- **Brief descriptive captions**:
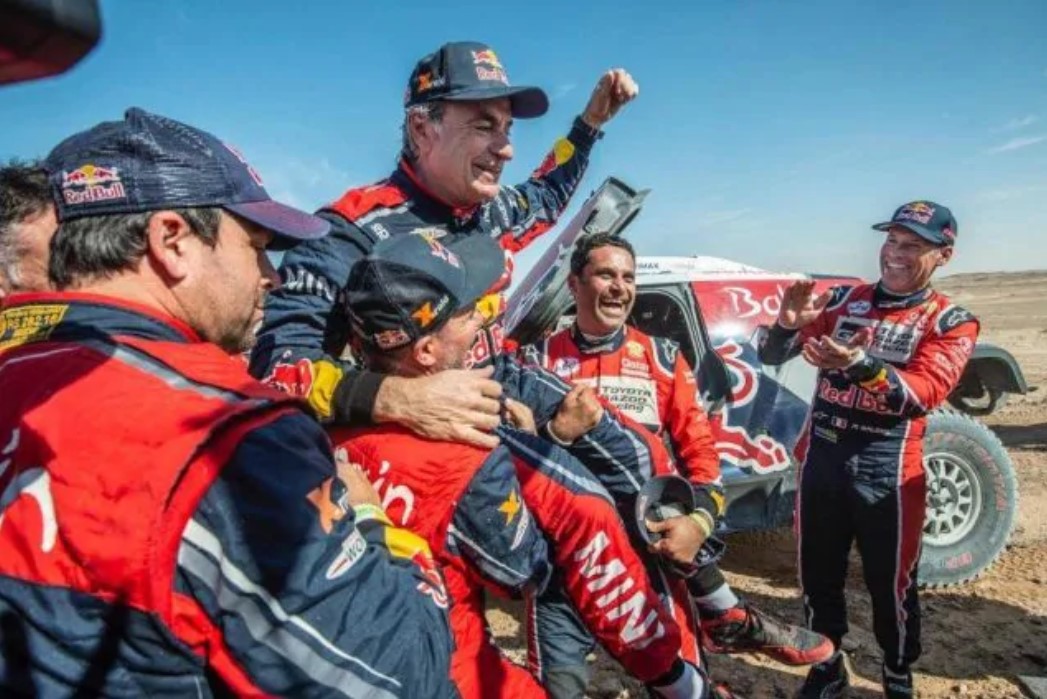 A 57 anni Carlos Sainz torna il re della Dakar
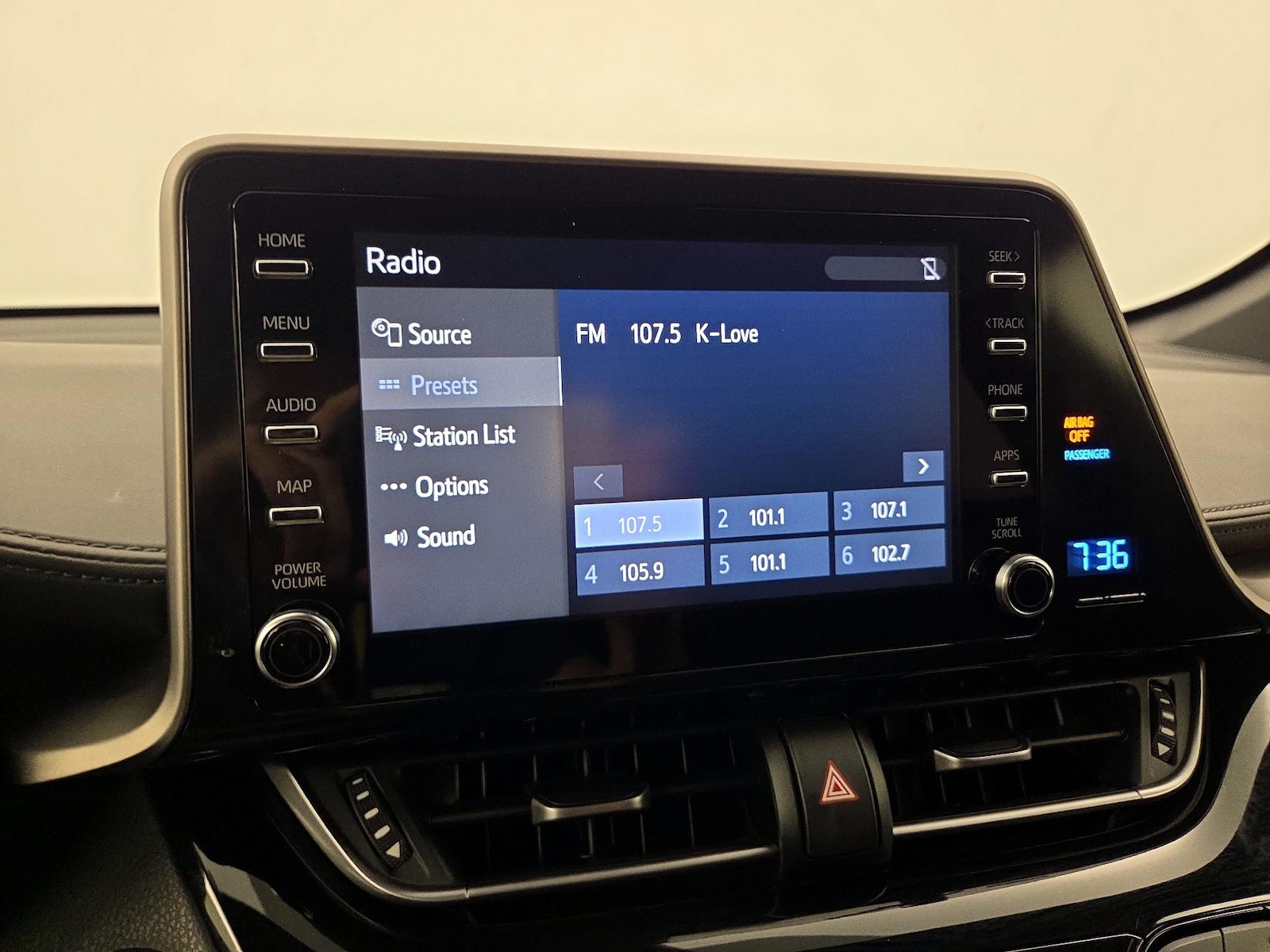 2019 Toyota C-HR XLE - Photo 16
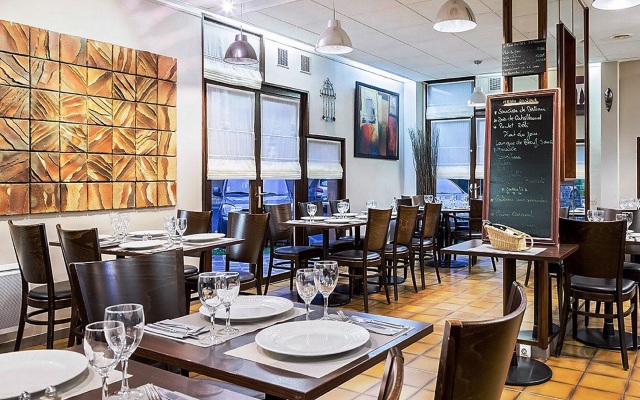 Hôtel des Arcades de Cachan Grand Paris Sud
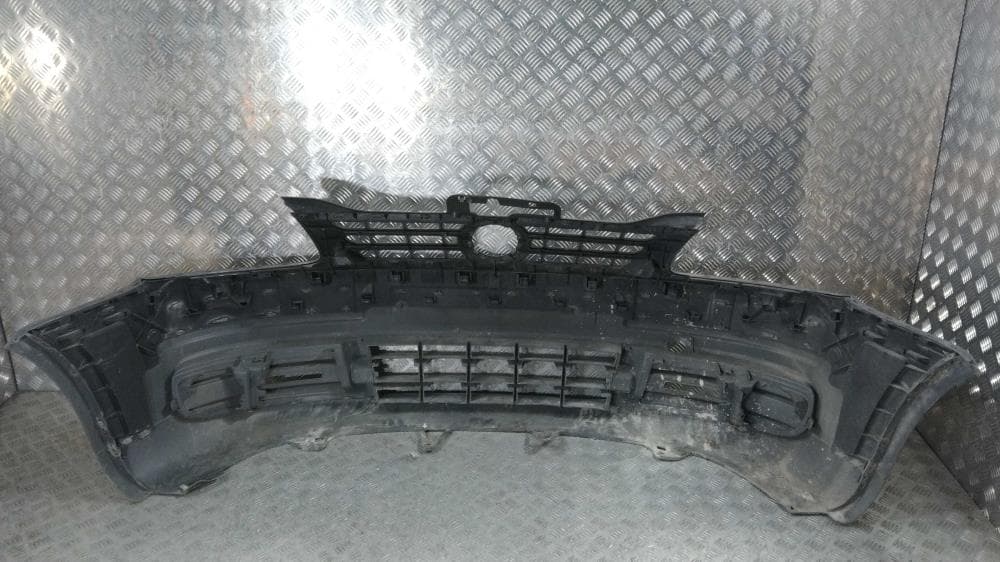 Бампер передний к Volkswagen Caddy 3 (04-10)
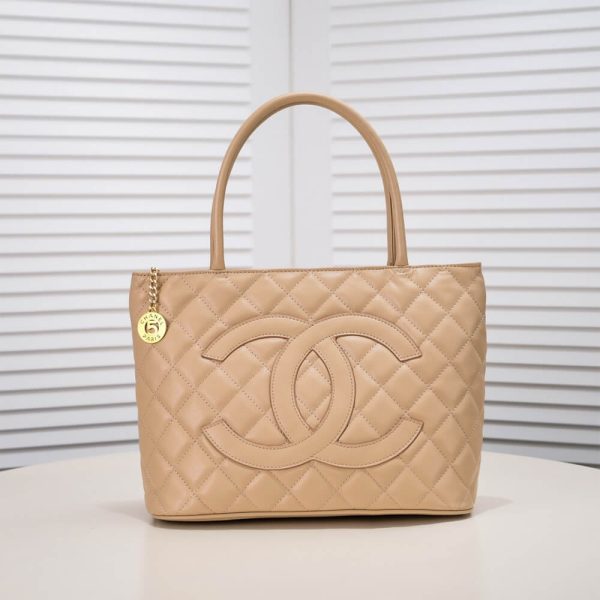 Ch*el medallion tote bag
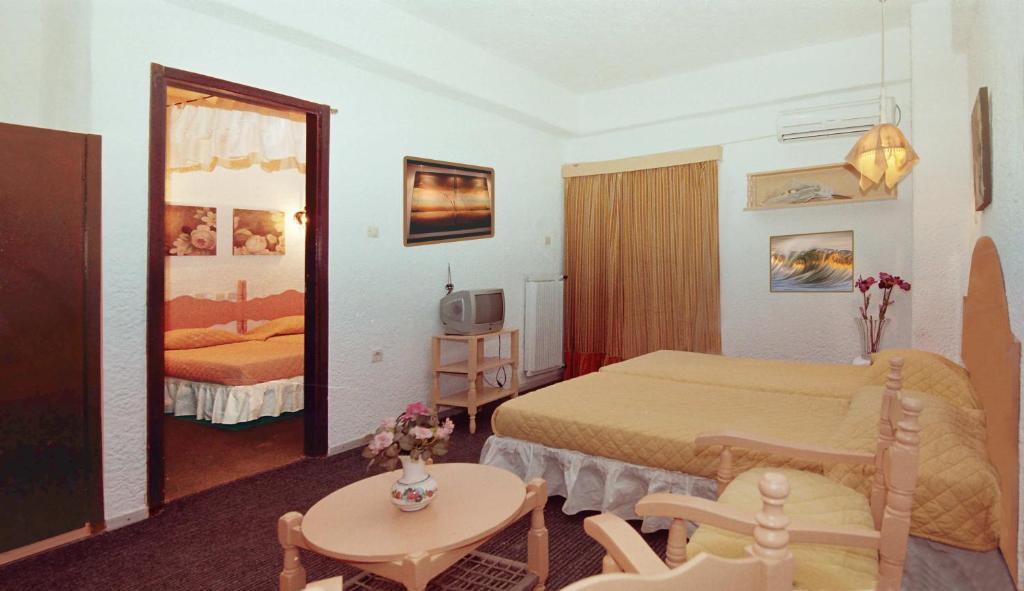 Siagas Beach Hotel Agioi Theodoroi Room photo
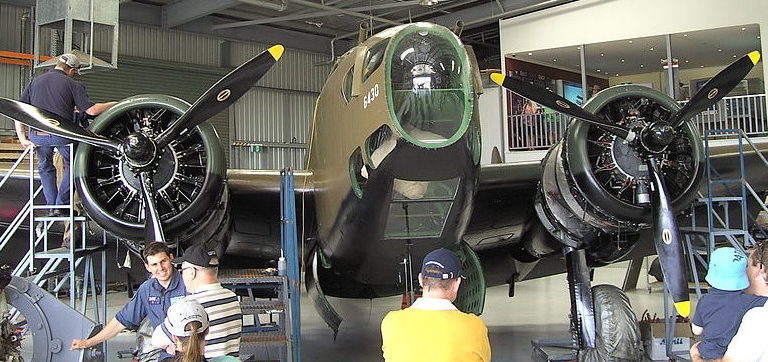 Бомбардировщик Lockheed Hudson.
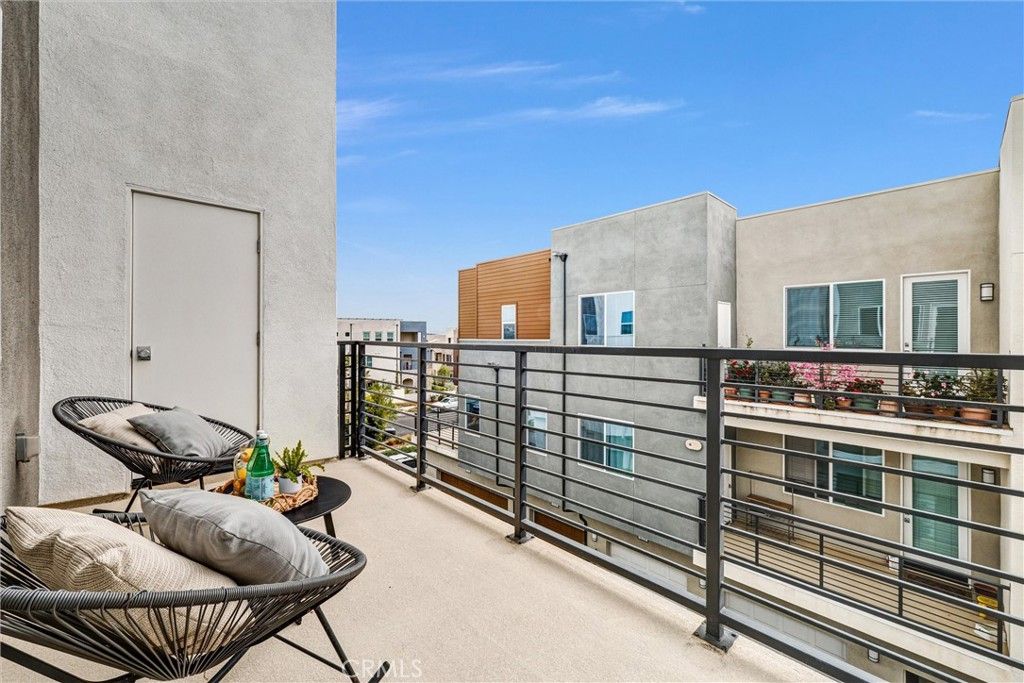 Image 16 of property listing at 105 Baluster, Irvine, CA 92618
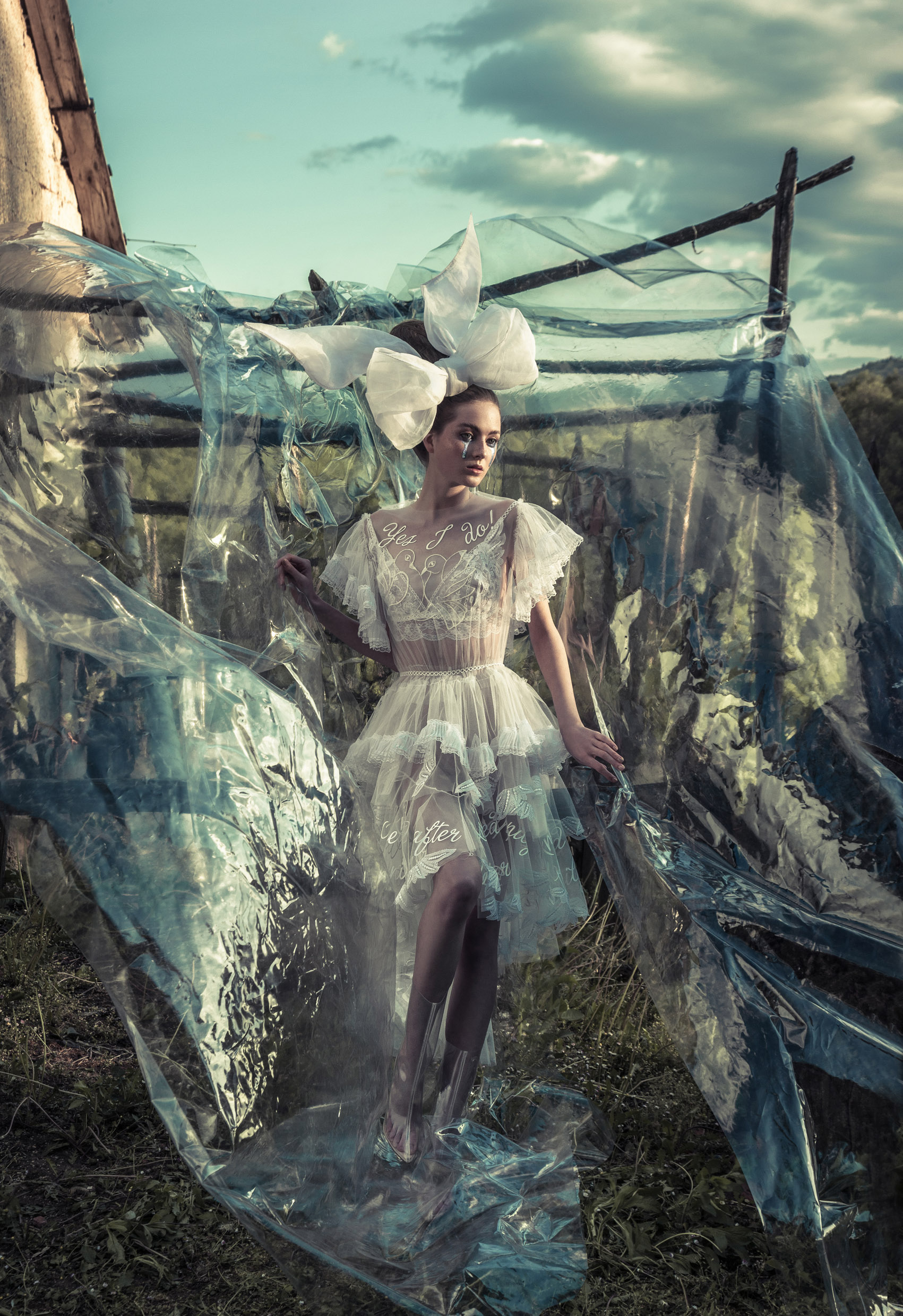 “Out of space”: Boudoir modna priča “Out of space”: Boudoir modna priča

- **TASK REQUIREMENTS**: Exclude the pictures. Write out the remaining data exactly.

- **EXERCISE ANSWER**:
 A 57 anni Carlos Sainz torna il re della Dakar
 2019 Toyota C-HR XLE - Photo 16
 Hôtel des Arcades de Cachan Grand Paris Sud
 Бампер передний к Volkswagen Caddy 3 (04-10)
 Ch*el medallion tote bag
 Siagas Beach Hotel Agioi Theodoroi Room photo
 Бомбардировщик Lockheed Hudson.
 Image 16 of property listing at 105 Baluster, Irvine, CA 92618
 “Out of space”: Boudoir modna priča “Out of space”: Boudoir modna priča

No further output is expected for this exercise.